La formule Office 365 Petite Entreprise Premium est celle qui lui est la plus proche. Ici on ne raisonne plus en postes, mais en utilisateurs : 10,40€ par mois et par personne. Un salarié pouvant avoir un ordinateur de bureau et/ou un portable et une tablette, chaque personne dispose donc de 5 licences maximum pour des Mac, PC et tablettes. Tous ont 25 Go sur OneDrive et 25 Go en messagerie électronique, plus quelque services supplémentaires de support technique ou de visioconférence Skype. Coût annuel pour les 25 licences : 3120€ HT.
Comparaison entreprise
Sur deux ans, en abonnement 365 (6240€ HT), on a déjà payé 800€ de plus que la solution avec une licence perpétuelle (l'équivalent de 3 boîtes en plus) et en quatre ans, on est à un peu plus du double (12 480€ HT, l'équivalent de 55 boîtes). La différence est encore plus spectaculaire avec le cas d'une entreprise de taille un cran supérieur.

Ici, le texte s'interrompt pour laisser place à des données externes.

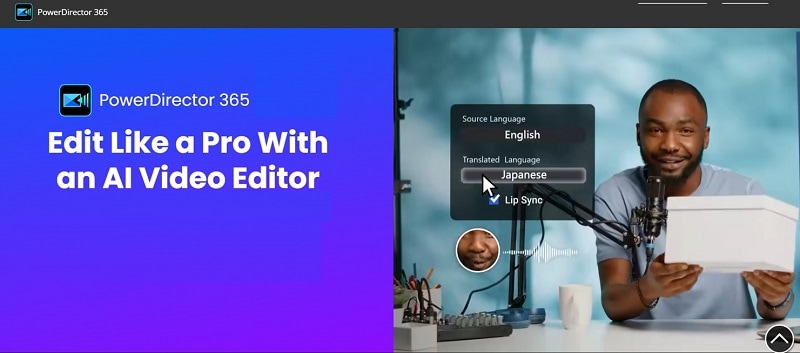powerdirector website interface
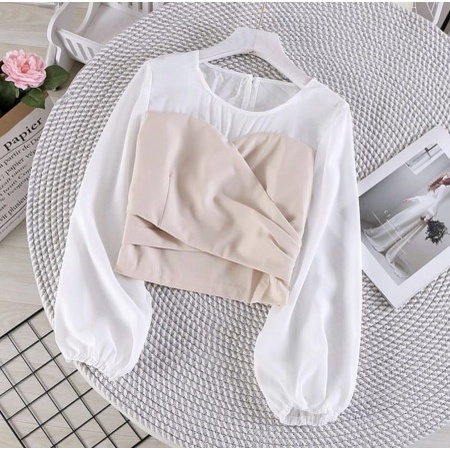 KIORA BLOUSE CREAM - ATASAN WANITA - BLOUSE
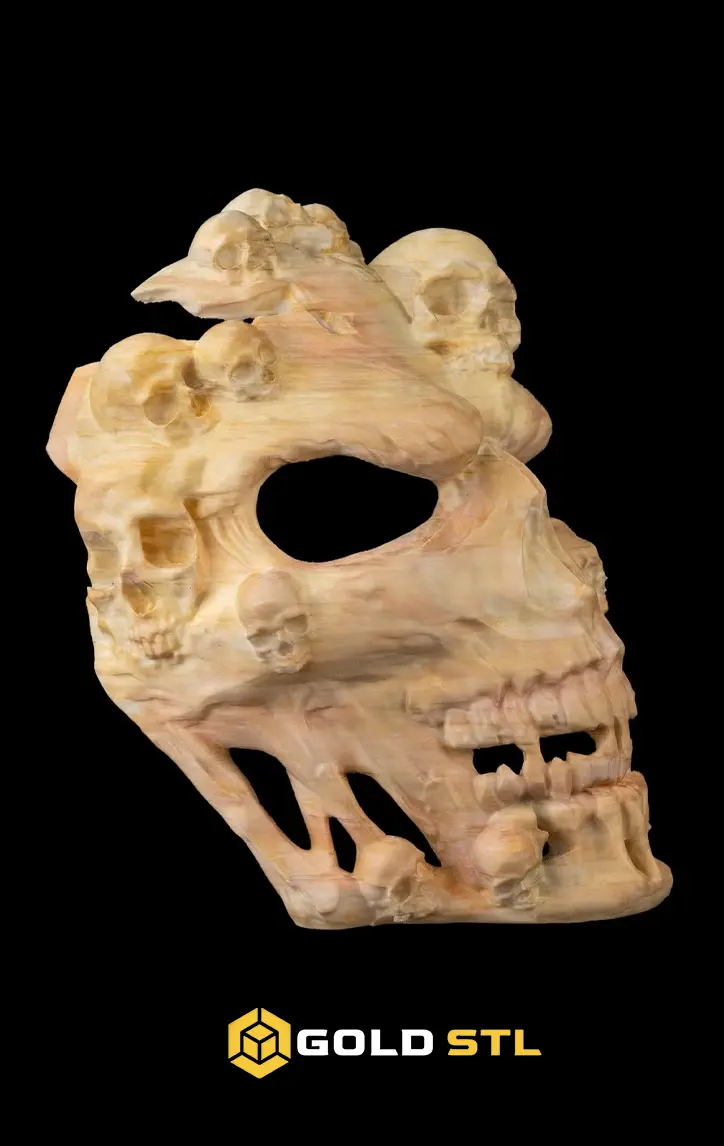 Face the Grave Halloween Mask STL 3D Model | Spooky Skull Mask & Halloween Costume - Image 2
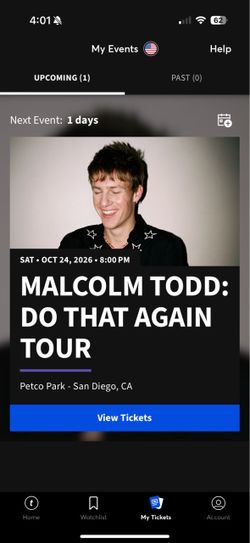 Malcolm Todd Tickets petco 2 tickets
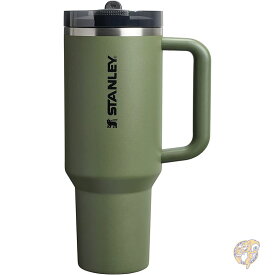 STANLEY スタンレー Quencher ProTour フリップストロータンブラー 漏れ防止蓋付き ストローとハンドル内蔵 旅行用カップホルダー対応 断熱ステンレススチールカップ BPAフリー 40オンス 1.18L ドライパインVRT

Si la suite s'est enrichie de nouveaux outils — comme c'est le cas avec Office pour iPad — ou de révisions majeures, ce surcoût sera (peut-être) plus facile à avaler. Mais justement, on n'a aucune visibilité sur ce à quoi ressemblera dans les 2, 3 ou 5 années qui viennent la suite bureautique à laquelle on s'est abonné. De même que certains utilisateurs n'auront que faire d'une suite avec une quinzaine ou vingtaine de logiciels comme en propose Adobe. Mais on n'a guère le choix de composer son menu.
Adobe
Adobe est allé plus loin que Microsoft dans le basculement vers le modèle de l'abonnement, et à marche forcée depuis l'inauguration du Creative Cloud en mai 2012. On peut continuer d'acheter en licence permanente la Creative Suite 6 sortie il y a tout juste deux ans, mais ses applications n'évoluent plus. Toute révision ou refonte se fait désormais dans les applications CC, hormis Lightroom qui a un pied dedans, un pied dehors.
Depuis deux ans, le Creative Cloud a vu ses logiciels gagner de nouvelles fonctions et de nouveaux titres arriver comme Muse CC, les utilitaires Edge, la version iPad de Lightroom (bientôt sur iPhone et Android) ou encore la plateforme de partage de portfolio Behance.
L'offre s'enrichit sans changer de prix pour l'abonné du premier jour, mais cela coûte quand même cher sur la durée, et d'autant plus lorsqu'on n'a pas besoin de tous les logiciels et services du Creative Cloud (une petite vingtaine). Dans un billet encore d'actualité sur Alpha-numérique, Patrick Moll a comparé différents scénarios et évalué les coûts sur 8 ans entre Creative Cloud et Creative Suite (si l'on excepte la faible augmentation de TVA survenue depuis, les tarifs sont restés identiques). Il a compilé plusieurs critères dont celui que le client d'une Creative Suite fera toutes les mises à jour payantes.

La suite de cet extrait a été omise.